== AVAILABLE DATA

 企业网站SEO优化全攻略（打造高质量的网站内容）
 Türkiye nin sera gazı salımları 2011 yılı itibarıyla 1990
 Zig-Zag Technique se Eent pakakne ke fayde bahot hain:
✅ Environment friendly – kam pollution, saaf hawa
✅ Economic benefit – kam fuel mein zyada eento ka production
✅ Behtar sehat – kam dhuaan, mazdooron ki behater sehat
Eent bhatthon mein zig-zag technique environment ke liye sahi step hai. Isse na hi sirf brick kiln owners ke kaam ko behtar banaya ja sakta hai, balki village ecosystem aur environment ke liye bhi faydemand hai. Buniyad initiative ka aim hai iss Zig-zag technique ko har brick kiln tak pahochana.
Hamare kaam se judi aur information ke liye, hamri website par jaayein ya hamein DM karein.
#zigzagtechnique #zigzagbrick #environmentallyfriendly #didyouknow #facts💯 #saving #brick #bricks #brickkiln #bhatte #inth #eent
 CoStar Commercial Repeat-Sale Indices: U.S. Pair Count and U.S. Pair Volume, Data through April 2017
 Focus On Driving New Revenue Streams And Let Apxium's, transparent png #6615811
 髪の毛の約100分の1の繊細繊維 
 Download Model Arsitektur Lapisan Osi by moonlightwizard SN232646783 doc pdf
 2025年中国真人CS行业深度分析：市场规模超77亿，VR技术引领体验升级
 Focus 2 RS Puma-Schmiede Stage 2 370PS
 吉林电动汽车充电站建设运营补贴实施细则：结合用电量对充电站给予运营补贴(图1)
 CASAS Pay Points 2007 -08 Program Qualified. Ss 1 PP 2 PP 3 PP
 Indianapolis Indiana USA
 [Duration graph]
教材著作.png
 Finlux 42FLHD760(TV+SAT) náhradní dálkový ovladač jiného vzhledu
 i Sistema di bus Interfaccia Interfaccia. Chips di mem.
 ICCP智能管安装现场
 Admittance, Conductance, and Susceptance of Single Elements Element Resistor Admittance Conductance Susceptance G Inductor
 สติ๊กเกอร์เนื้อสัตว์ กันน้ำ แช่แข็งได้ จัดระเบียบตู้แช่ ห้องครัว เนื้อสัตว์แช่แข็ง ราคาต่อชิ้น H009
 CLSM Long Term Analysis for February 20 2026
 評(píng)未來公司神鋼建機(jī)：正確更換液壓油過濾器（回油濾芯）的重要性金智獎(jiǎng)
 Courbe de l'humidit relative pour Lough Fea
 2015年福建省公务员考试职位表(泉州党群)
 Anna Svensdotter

====

> WORK ITEM: Each of the records shown above needs to be repeated exactly.

> EXPECTED ANSWER:
 企业网站SEO优化全攻略（打造高质量的网站内容）
 Türkiye nin sera gazı salımları 2011 yılı itibarıyla 1990
 Zig-Zag Technique se Eent pakakne ke fayde bahot hain:
✅ Environment friendly – kam pollution, saaf hawa
✅ Economic benefit – kam fuel mein zyada eento ka production
✅ Behtar sehat – kam dhuaan, mazdooron ki behater sehat
Eent bhatthon mein zig-zag technique environment ke liye sahi step hai. Isse na hi sirf brick kiln owners ke kaam ko behtar banaya ja sakta hai, balki village ecosystem aur environment ke liye bhi faydemand hai. Buniyad initiative ka aim hai iss Zig-zag technique ko har brick kiln tak pahochana.
Hamare kaam se judi aur information ke liye, hamri website par jaayein ya hamein DM karein.
#zigzagtechnique #zigzagbrick #environmentallyfriendly #didyouknow #facts💯 #saving #brick #bricks #brickkiln #bhatte #inth #eent
 CoStar Commercial Repeat-Sale Indices: U.S. Pair Count and U.S. Pair Volume, Data through April 2017
 Focus On Driving New Revenue Streams And Let Apxium's, transparent png #6615811
 髪の毛の約100分の1の繊細繊維 
 Download Model Arsitektur Lapisan Osi by moonlightwizard SN232646783 doc pdf
 2025年中国真人CS行业深度分析：市场规模超77亿，VR技术引领体验升级
 Focus 2 RS Puma-Schmiede Stage 2 370PS
 吉林电动汽车充电站建设运营补贴实施细则：结合用电量对充电站给予运营补贴(图1)
 CASAS Pay Points 2007 -08 Program Qualified. Ss 1 PP 2 PP 3 PP
 Indianapolis Indiana USA
 [Duration graph]
教材著作.png
 Finlux 42FLHD760(TV+SAT) náhradní dálkový ovladač jiného vzhledu
 i Sistema di bus Interfaccia Interfaccia. Chips di mem.
 ICCP智能管安装现场
 Admittance, Conductance, and Susceptance of Single Elements Element Resistor Admittance Conductance Susceptance G Inductor
 สติ๊กเกอร์เนื้อสัตว์ กันน้ำ แช่แข็งได้ จัดระเบียบตู้แช่ ห้องครัว เนื้อสัตว์แช่แข็ง ราคาต่อชิ้น H009
 CLSM Long Term Analysis for February 20 2026
 評(píng)未來公司神鋼建機(jī)：正確更換液壓油過濾器（回油濾芯）的重要性金智獎(jiǎng)
 Courbe de l'humidit relative pour Lough Fea
 2015年福建省公务员考试职位表(泉州党群)
 Anna Svensdotter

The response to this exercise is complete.